Your instructions ::
Output the data below exactly, without images.

Records for the task Start Marker

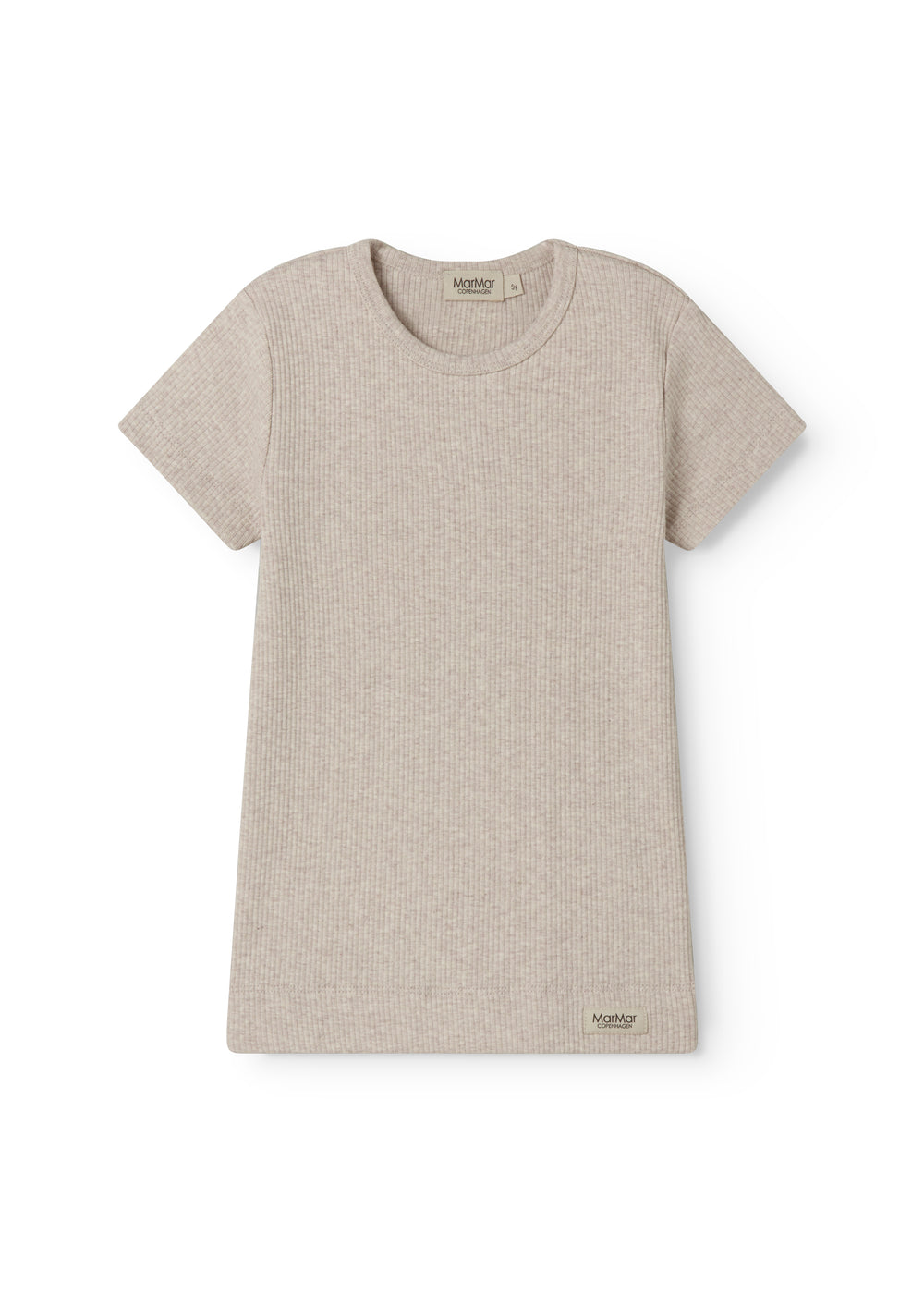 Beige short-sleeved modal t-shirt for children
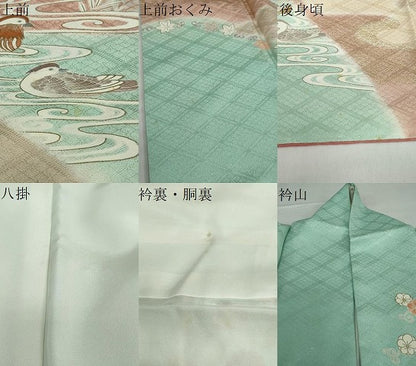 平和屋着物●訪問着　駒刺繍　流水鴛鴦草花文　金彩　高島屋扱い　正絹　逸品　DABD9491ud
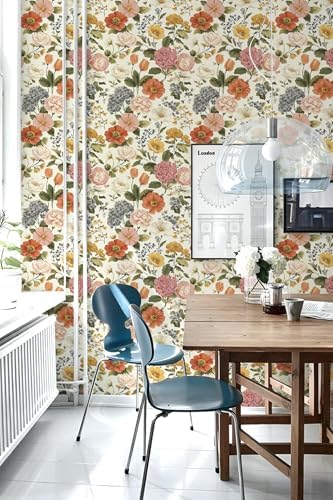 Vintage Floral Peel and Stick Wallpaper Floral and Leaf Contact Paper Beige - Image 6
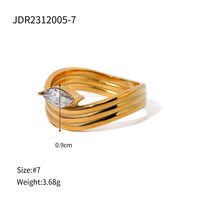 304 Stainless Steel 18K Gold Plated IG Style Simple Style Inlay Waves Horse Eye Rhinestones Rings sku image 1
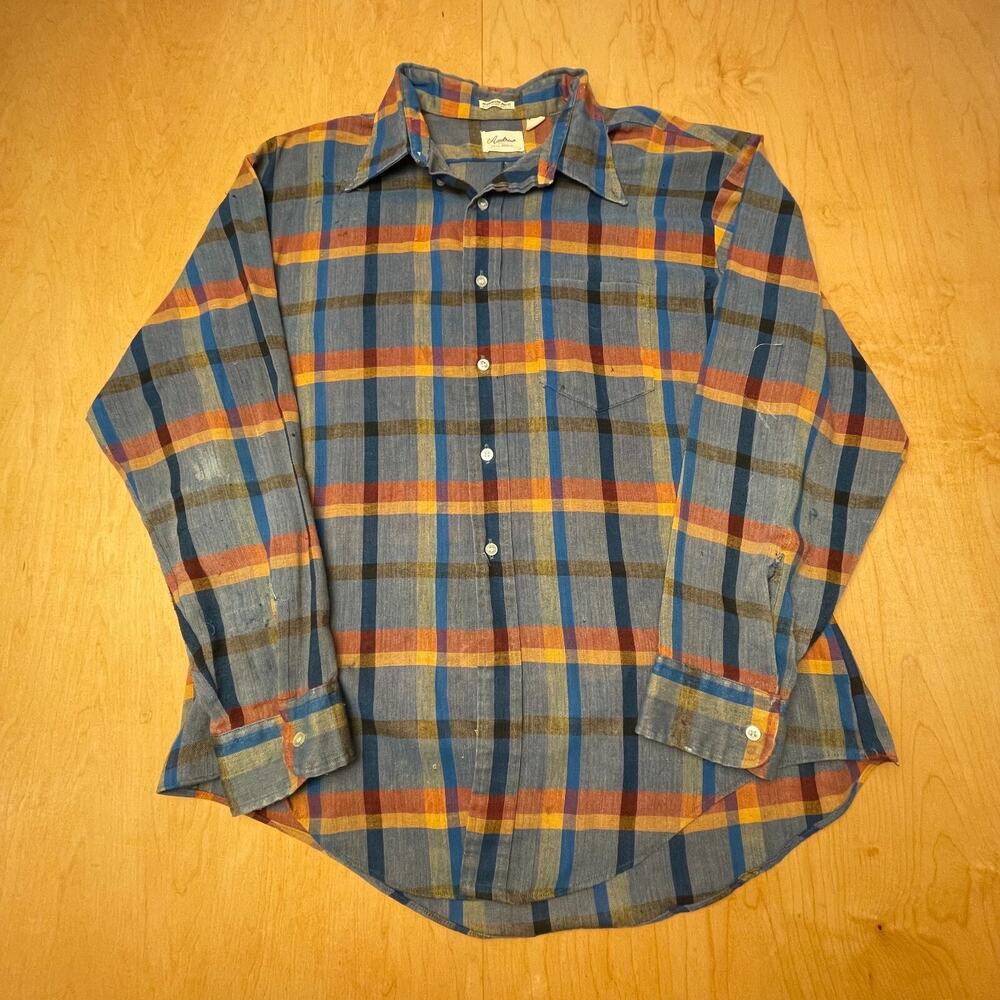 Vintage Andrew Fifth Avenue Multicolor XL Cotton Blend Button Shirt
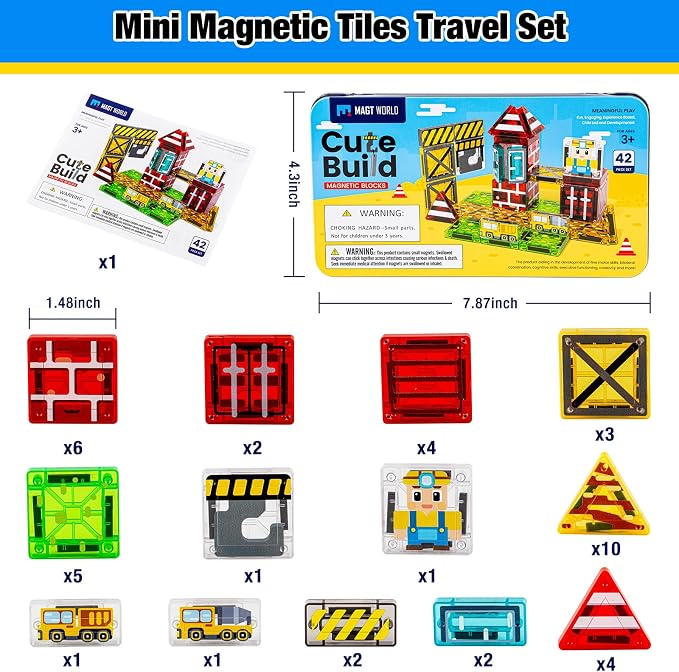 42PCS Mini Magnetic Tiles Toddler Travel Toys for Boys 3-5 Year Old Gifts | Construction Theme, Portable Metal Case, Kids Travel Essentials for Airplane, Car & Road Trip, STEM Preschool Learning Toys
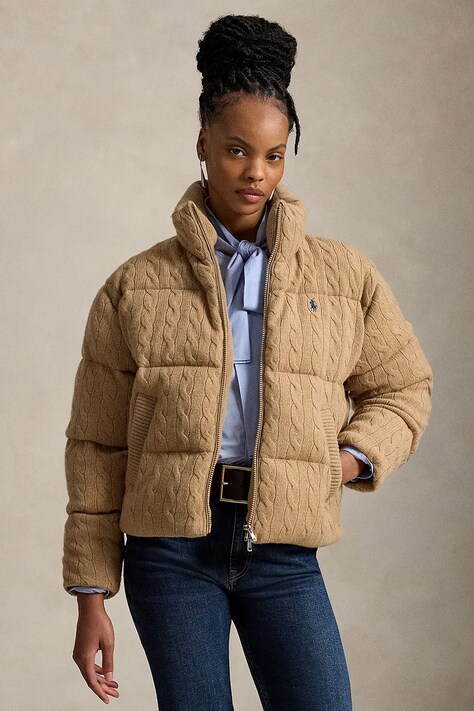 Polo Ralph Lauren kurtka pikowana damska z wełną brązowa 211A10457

Records for the task End Marker

Answer box ::
 Beige short-sleeved modal t-shirt for children
 平和屋着物●訪問着　駒刺繍　流水鴛鴦草花文　金彩　高島屋扱い　正絹　逸品　DABD9491ud
 Vintage Floral Peel and Stick Wallpaper Floral and Leaf Contact Paper Beige - Image 6
 304 Stainless Steel 18K Gold Plated IG Style Simple Style Inlay Waves Horse Eye Rhinestones Rings sku image 1
 Vintage Andrew Fifth Avenue Multicolor XL Cotton Blend Button Shirt
 42PCS Mini Magnetic Tiles Toddler Travel Toys for Boys 3-5 Year Old Gifts | Construction Theme, Portable Metal Case, Kids Travel Essentials for Airplane, Car & Road Trip, STEM Preschool Learning Toys
 Polo Ralph Lauren kurtka pikowana damska z wełną brązowa 211A10457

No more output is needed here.